A presidência brasileira nos Brics teve início neste mês e tem duração até dezembro. Durante este período, o Brasil guia as discussões do grupo e sedia os encontros do bloco, inclusive a cúpula de líderes. Em anúncio feito nesta semana, o Planalto divulgou uma lista com cinco prioridades da presidência brasileira à frente dos Brics. São elas:

  • Facilitação do comércio e investimentos entre os países do agrupamento, por meio do desenvolvimento de meios de pagamento;
  • Promoção da governança inclusiva e responsável da Inteligência Artificial para o desenvolvimento;
  • Aprimoramento das estruturas de financiamento para enfrentar as mudanças climáticas, em diálogo com a COP-30;
  • Estímulo aos projetos de cooperação entre países do Sul Global, com foco em saúde pública;
  • Fortalecimento institucional do BRICS.

Na avaliação de Cezar Roedel, mestre em Relações Internacionais pela Universidade Federal do Rio Grande do Sul (UFRGS), ainda que o Brasil esteja à frente do Brics neste ano, são os interesses de China e Rússia que devem prevalecer no bloco.
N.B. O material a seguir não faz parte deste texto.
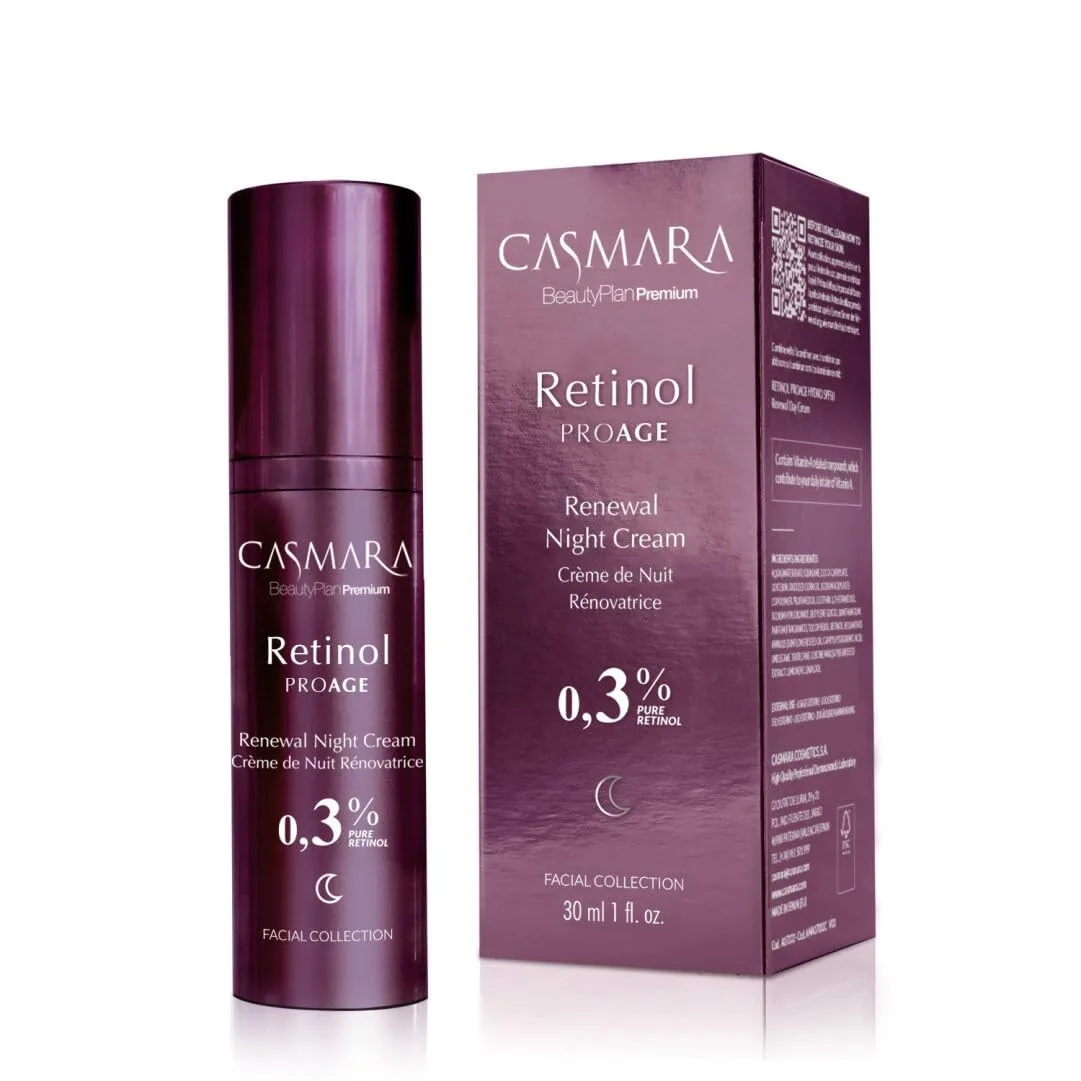 Casmara Retinol Proage Renewel Night Cream With 0,30% Pure Retinol 30 ml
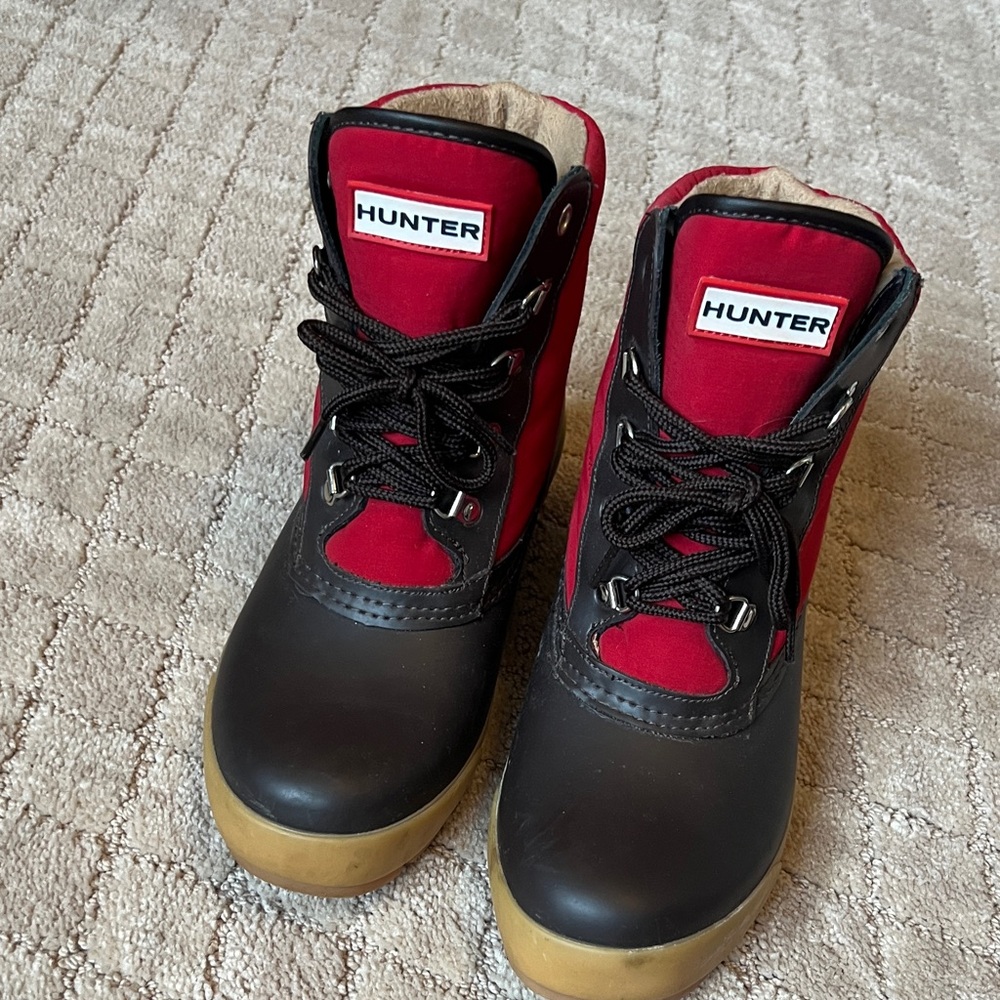 Hunter insulated Red and Brown Boots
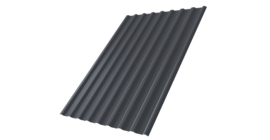 Профнастил С20R 0,4 PE-Double RAL 7024 мокрый асфальт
Para o especialista, a rotatividade de outros países à frente do bloco é "meramente figurativa".

"O grupo é coordenado ideologicamente a partir da aliança russo-chinesa, que dá as diretrizes estratégicas aos demais membros do bloco, embalados pela esperança de que terão no futuro algum lugar de destaque na nova ordem proposta pelo eixo autocrático", afirma Roedel em referência à composição dos Brics, que desde sua expansão se tornou um grupo formado majoritariamente por ditaduras.
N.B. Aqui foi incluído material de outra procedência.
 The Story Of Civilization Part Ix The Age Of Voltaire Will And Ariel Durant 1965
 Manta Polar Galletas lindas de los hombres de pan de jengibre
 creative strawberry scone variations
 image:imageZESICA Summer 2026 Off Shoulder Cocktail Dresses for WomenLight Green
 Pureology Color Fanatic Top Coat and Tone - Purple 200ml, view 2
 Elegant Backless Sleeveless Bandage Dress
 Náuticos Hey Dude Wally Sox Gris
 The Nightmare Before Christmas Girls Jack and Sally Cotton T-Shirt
Nesse sentido, os analistas avaliam que a agenda que o Brasil pretende engajar ao grupo reflete os interesses das duas nações mais influentes.

Investir em pagamentos sem dólar pode atrair sanções ao Brasil

O Brasil pretende dar sequência a discussões sobre mudanças no sistema financeiro internacional e focar no desenvolvimento de meios de pagamento para os países membros do bloco. O principal foco deve ser o Brics Pay, plataforma de pagamentos que pode servir como uma alternativa ao Swift - um sistema de envio de mensagens bancárias de compensação de pagamentos internacionais controlada por bancos do Ocidente.
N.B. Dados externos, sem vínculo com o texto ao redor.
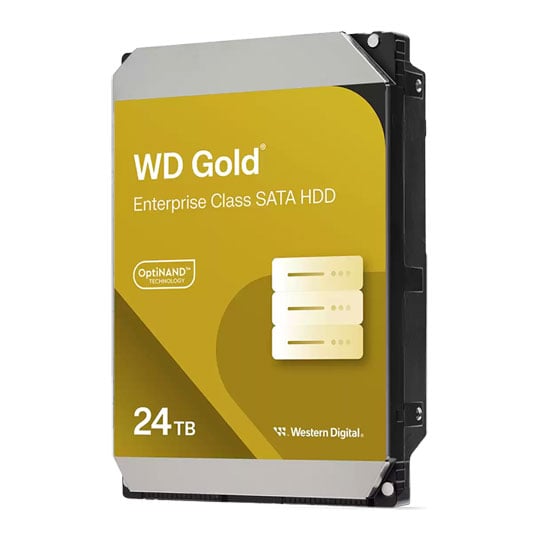 WD Gold 24TB 3.5" Enterprise SATA HDD/Hard Drive 7200rpm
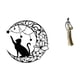thumbnail image 1 of Arte de pared,Estatua decorativa de pared de gato negro de metal,Figura de escritorio,Figuritas africanas,artesanías,artículos de escritorio coleccionables,Estatua de dama tribal,pieza de, 1 of 8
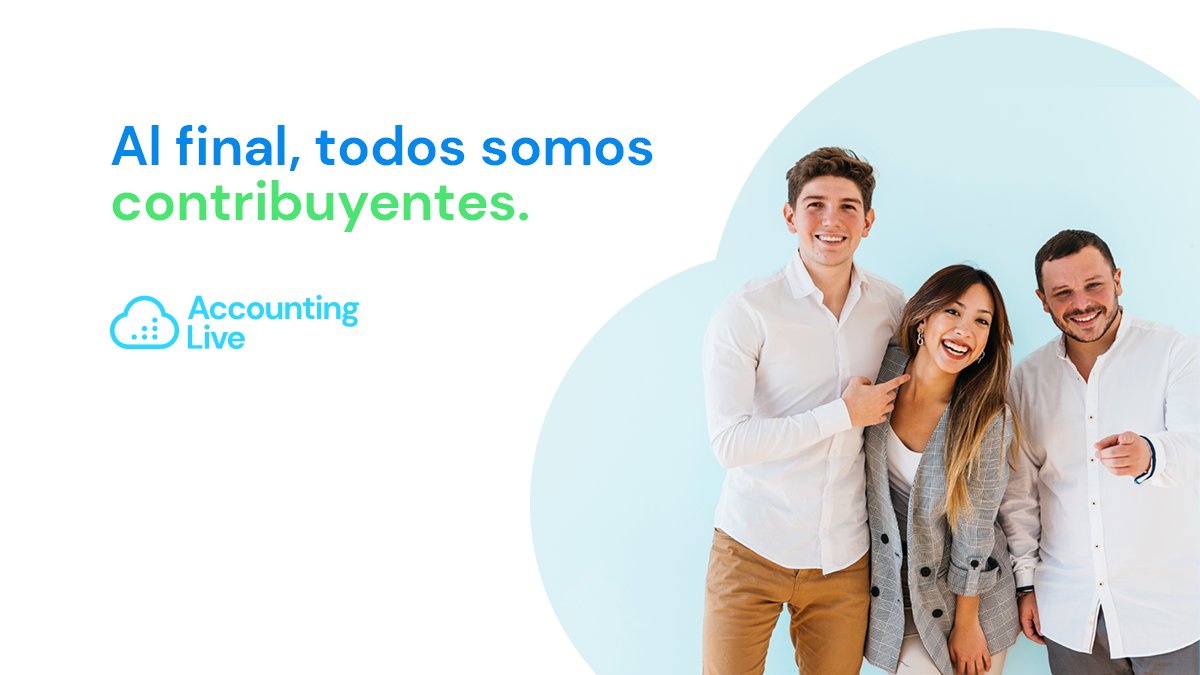 AcctLive_LA's tweet photo. TODOS de alguna forma somos contribuyentes, ayudamos a sustentar nuestro país y a buscar su desarrollo. 🤗
#AccountingLive #Contribuyente #RD https://t.co/Q58uGaDR8a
A implementação do sistema é discutida entre os membros dos Brics desde 2018, mas começou a sair do papel somente neste ano, sob a presidência russa no bloco. A motivação para desenrolar as tratativas foi a suspensão da Rússia do Swift, o que afetou seu comércio internacional. Houve ainda um grande incentivo de Lula que, de acordo com o chanceler russo, Sergey Lavrov, é um dos idealizadores da proposta.

O sistema propõe que os países que formam os Brics, além de outras nações interessadas, possam fazer pagamentos de transações comerciais entre si com moedas locais e sem o uso do dólar. A proposta, contudo, já foi alvo de críticas do presidente eleito nos Estados Unidos, Donald Trump. Em recentes declarações, o republicano afirmou que vai taxar os países dos Brics que insistirem na desdolarização.

“Exigimos que esses países se comprometam a não criar uma nova moeda do Brics nem apoiar qualquer outra moeda que substitua o poderoso dólar americano ou eles enfrentarão 100% de tarifas e deverão dizer adeus às vendas para a maravilhosa economia norte-americana", escreveu Trump em uma rede social.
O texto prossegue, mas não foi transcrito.